Reputation: 276
I have a lot of files with text data pushed by azure IOT on a blob storage in a lot of folders, and I want to read them and have a delta lake table with one row for each line of a file. I used to read them file by file, but it takes too much time so I want to use spark to speed up this treatment. It needs to integrate a databricks workflow made in R.
I've found spark_read_text function to read text file, but it cannot recursively read directory, it only understand if all the files are in one directory.
Here is an example of a file path (appid/partition/year/month/day/hour/minute/file): app_id/10/2023/02/06/08/42/gdedir22hccjq
Partition is a random folder (there is around 30 of them right now) that azure IoT seems to create to treat data in parallel, so data for the same date can be split in several folders, which does not simplify the reading efficiency.
So the only function I found to do that is spark.textFile
, which works with jokers and recursively handle directories. The only problem is that it return a RDD, and I can't find a way to transform it to a spark dataframe, which could ultimatly be accessed using a tbl_spark
R object.
Here is what I did so far:
You need to set the config to recursively read the folder (here I do this on databricks in a dedicate python cell):
%py
sc._jsc.hadoopConfiguration().set("mapreduce.input.fileinputformat.input.dir.recursive", "true")
Then I can create a RDD:
j_rdd <- spark_context(sc) %>%
invoke("textFile", "/mnt/my_cont/app_id/*/2022/11/17/*", 10L)
This work to create the RDD, and as you can see I can map all the partitions (before the year) with a "*", as well as the folders four hours and minutes recursively with the "*" at the end.
I can collect it and create a R dataframe:
lst <- invoke(j_rdd, "collect")
data.frame(row = unlist(lst))
This correctly get my data, one column of text and one row for each line of each file (I can't display an example for privacy reason but it's not important).

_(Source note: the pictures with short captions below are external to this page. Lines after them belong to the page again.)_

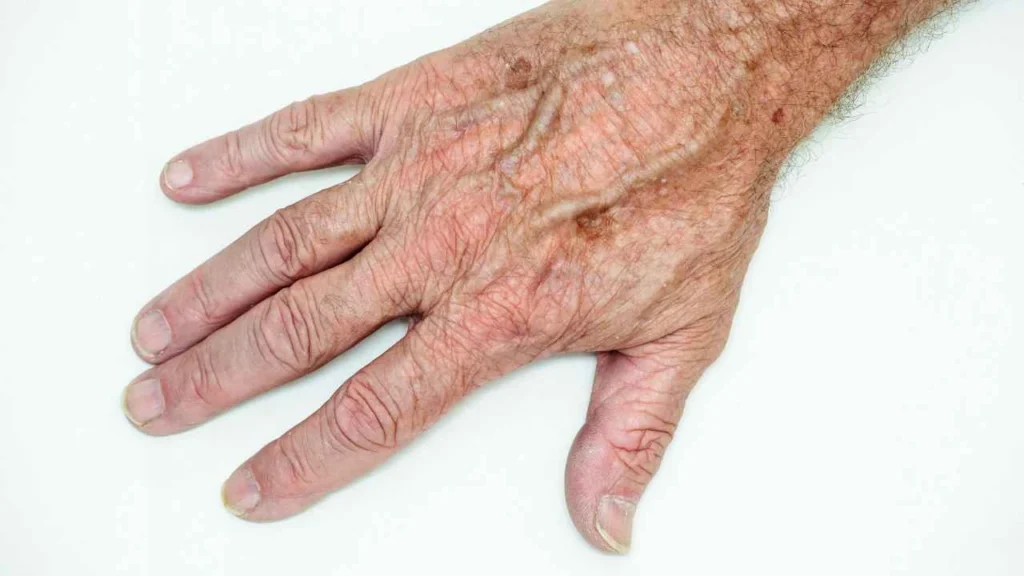 Male hand showing age spot Streatham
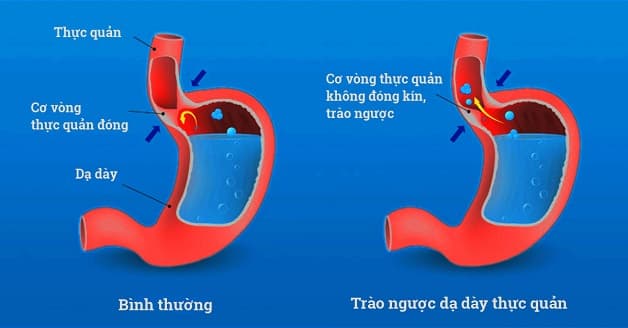 biến chứng của trào ngược dạ dày viêm loét thực quản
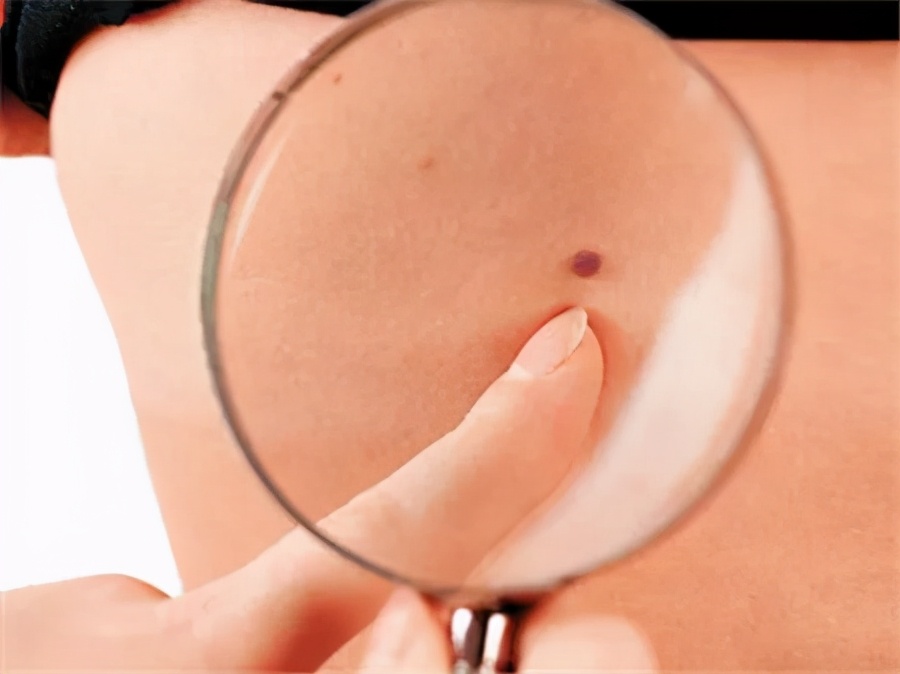 身上长了小黑点是不是癌症,头上有个黑痣是黑色素瘤吗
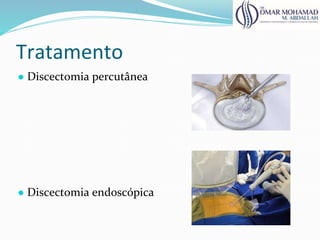 Tratamento
● Discectomia percutânea
● Discectomia endoscópica
 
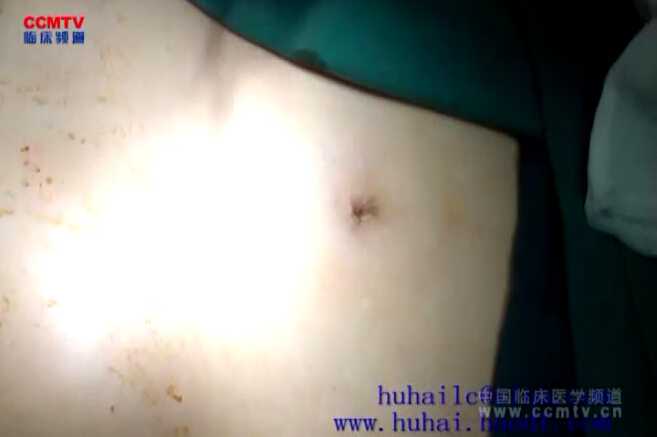 胡海：迷你腹腔镜保胆取石术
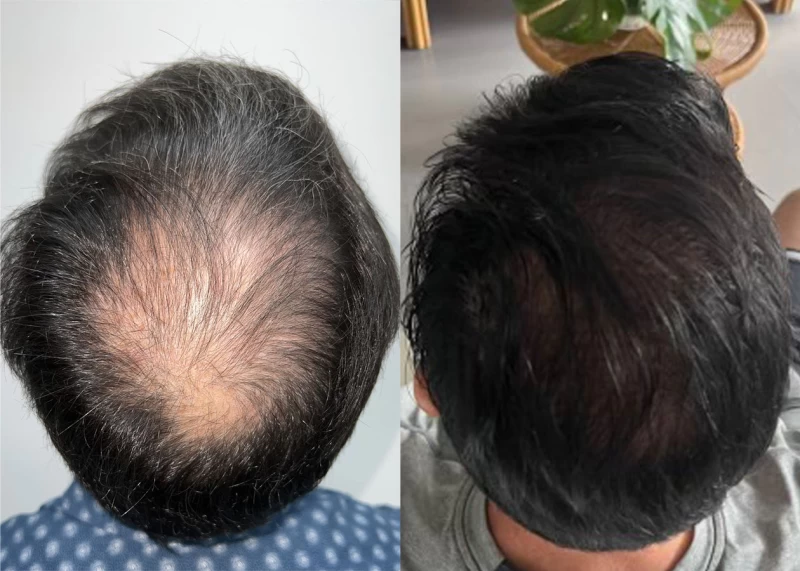 Patient p636 hair transplant before and after crown view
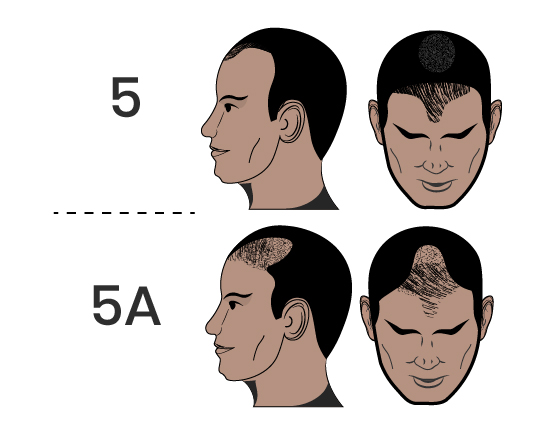 Natural Hairlines, Real Results: Exploring Scalp Micropigmentation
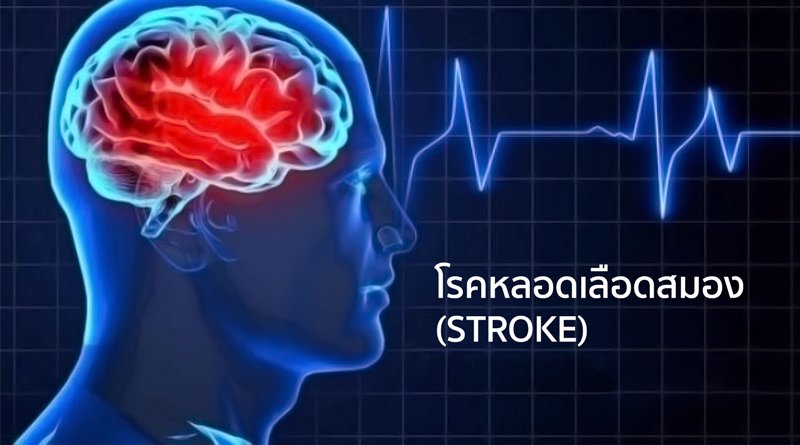 อาการของโรคหลอดเลือดสมอง ( STROKE ) อาการของโรคหลอดเลือดสมอง ( STROKE )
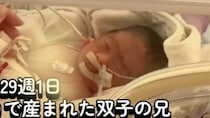妊娠29週1日、“ほぼ羊水のない状態”で生まれた双子→「生存が難しい」と言われて4カ月後……　“現在の姿”に「たくさん幸せになるんだよ」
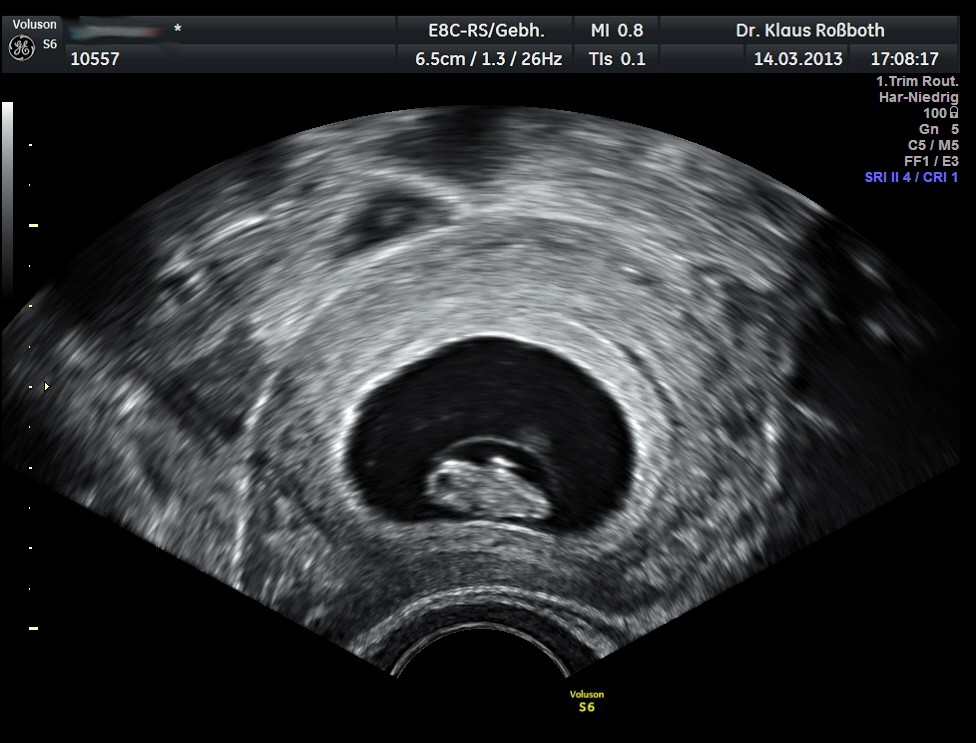 8 Ssw Embryo Zu Klein Aber Herzschlag Wie sieht ein Ultraschallbild in der 8 SSW aus?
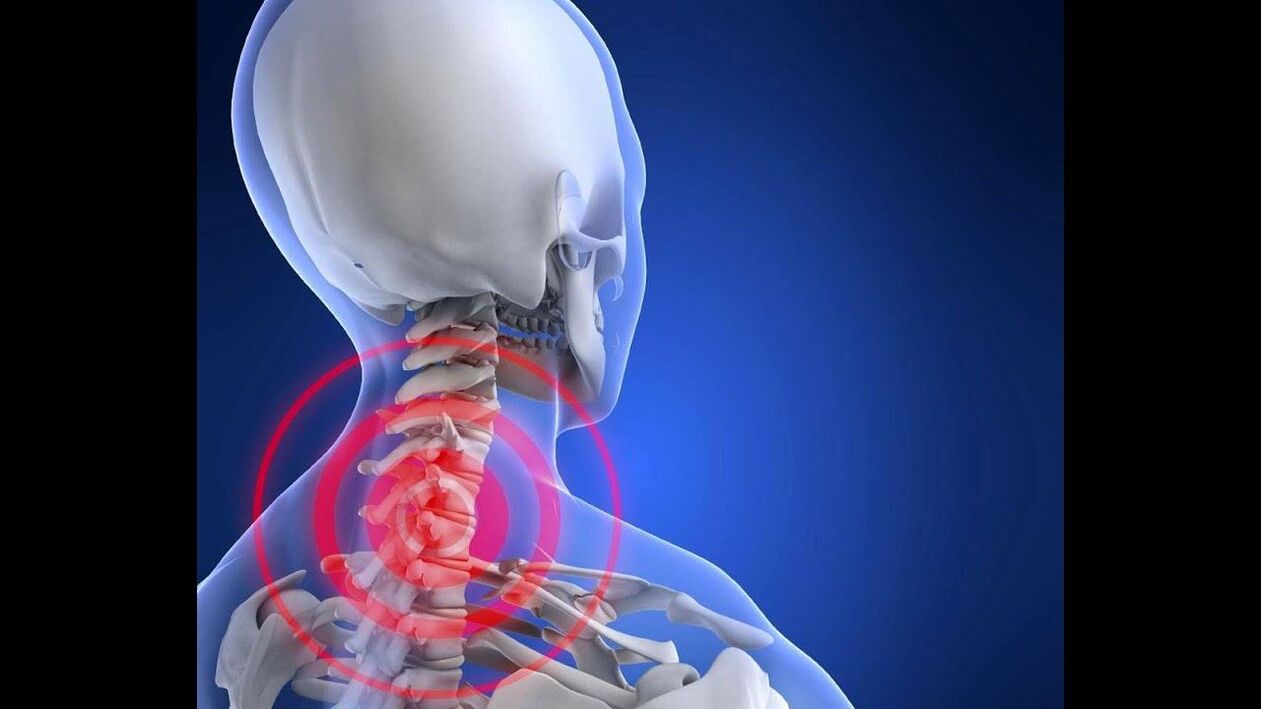Osteochondroza odcinka szyjnego kręgosłupa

The problem is I don't want to collect, but want to update a delta table with this data, and can't find a way to get a sparklyr object that I can use. The j_rdd object I got is like this:
>j_obj
<jobj[2666]>
org.apache.spark.rdd.MapPartitionsRDD
/mnt/my_cont/app_id/*/2022/11/17/* MapPartitionsRDD[80] at textFile at NativeMethodAccessorImpl.java:0
The closer I got so far: I tried to copy code here to convert data to a dataframe using invoke, but I don't seems to do it correctly:
contents_field <- invoke_static(sc, "sparklyr.SQLUtils", "createStructField", "contents", "character", TRUE)
schema <- invoke_static(sc, "sparklyr.SQLUtils", "createStructType", list(contents_field))
j_df <- invoke(hive_context(sc), "createDataFrame", j_rdd, schema)
invoke(j_df, "createOrReplaceTempView", "tmp_test")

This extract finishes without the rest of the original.